"Nine Gold Medals" uses alliteration to ramp up the poem's tension or drama. Take line 10, for example, which is part of the poem's long build-up to the start of the race itself:
The one hundred metres the race to be run
The alliteration of "race" and "run" calls readers' attention to the important event at hand. The quick repetition of that firm, rousing /r/ sound also makes the moment right before the race begins seem all the more exciting.

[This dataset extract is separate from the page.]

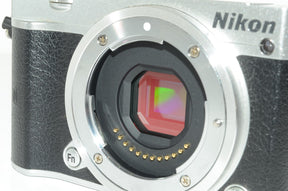 【外観特上級】Nikon ミラーレス一眼 Nikon1 J5 ボディ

That excitement, in turn, makes it even more heartbreaking when one of the runners trips and falls, thereby ending his race and his dreams of victory. The speaker turns to alliteration again to highlight this moment:
But the youngest among them stumbled and staggered
The alliteration here is harsh and spiky, appropriate to an image of an athlete taking an unexpected tumble. The poem then captures the young man's frustration with a booming, punishing /d/ sound in line 18:
His dreams and his efforts dashed in the dirt
These /d/s are so insistent that they're almost violent, and they help convey a sense of crushing defeat.
Of course, the poem has a happy ending. The other athletes turn around and help their fallen comrade back up:
[They] lifted the lad to his feet.
Here, alliteration gives the line a little sonic lift. These lilting /l/ sounds are pleasant on the ear, making an uplifting moment sound more uplifting.